GAFCON now thunders against the choice of the new Welsh archbishop, who is a lesbian. But apostasy was denounced in the same Anglican circles by Keble’s sermon in the 1830’s, and he rightly understood it in Creedal terms. The lack of success in rooting out the apostacy in the almost two centuries since that sermon is the core problem. If you cannot do that, you should not be surprised by what happens next, even as GAFCON itself is currently unable to deal with some member churches, who have consecrated women to the episcopate, in direct contradiction to the foundational documents of GAFCON.
So many in the leadership of ACNA have come from the ranks of the Episcopal Church, where endless pronouncements on various iterations of sex and gender have emanated over the past several generations, each setting a new standard, as deemed correct by TEC’s leadership.
Having departed in despair from TEC, the ACNA leadership now proclaims endless pronouncements on various iterations of sex and gender, as the expression of orthodoxy among us. As in the case of women ordained to the priesthood and consecrated to the episcopacy, such discussions reveal a lack of one mind, unresolved and becoming more unresolved. A lack of love might also be detected. For many who fled TEC, it must seem increasingly like “déjà vu all over again,” in the colorful words of Yogi Berra.
Perhaps it is time to worry less about sex and gender. After all, a lesbian heretic is no more or less a heretic than a heterosexual heretic.
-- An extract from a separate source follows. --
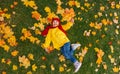 A girl with a wide smile is sitting on a carpet of red and yellow leaves in an autumn park. Royalty Free Stock Photo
Keble, we might be tempted to observe, didn’t know the half of what was coming. Apostacy beyond his worst fears is rampant. The Oxford Anglo-Catholic remedy, birthed with vibrant energy from his classic sermon on the apostasy of his time, is now moribund and declining. It is understandable that many have given up the struggle and moved on to Eastern Orthodoxy or Rome.
Yet, the flicker of life still burns in the embers of Anglicanism. If God will not demolish a city for ten righteous men, as the Old Testament informs us, perhaps he will not forsake us if there are ten orthodox remaining in the Anglican community. The Holy Spirit has not left the premises. If the Holy Spirit will rebuild the catholic community out of the contemporary rubble of Anglicanism, we can be part of the reconstruction team.
The Creedal Faith, still standing after 1700 years, is our lifeboat. And Dr. Jarrett is right: only through love can we achieve the one mind to find the one thing necessary.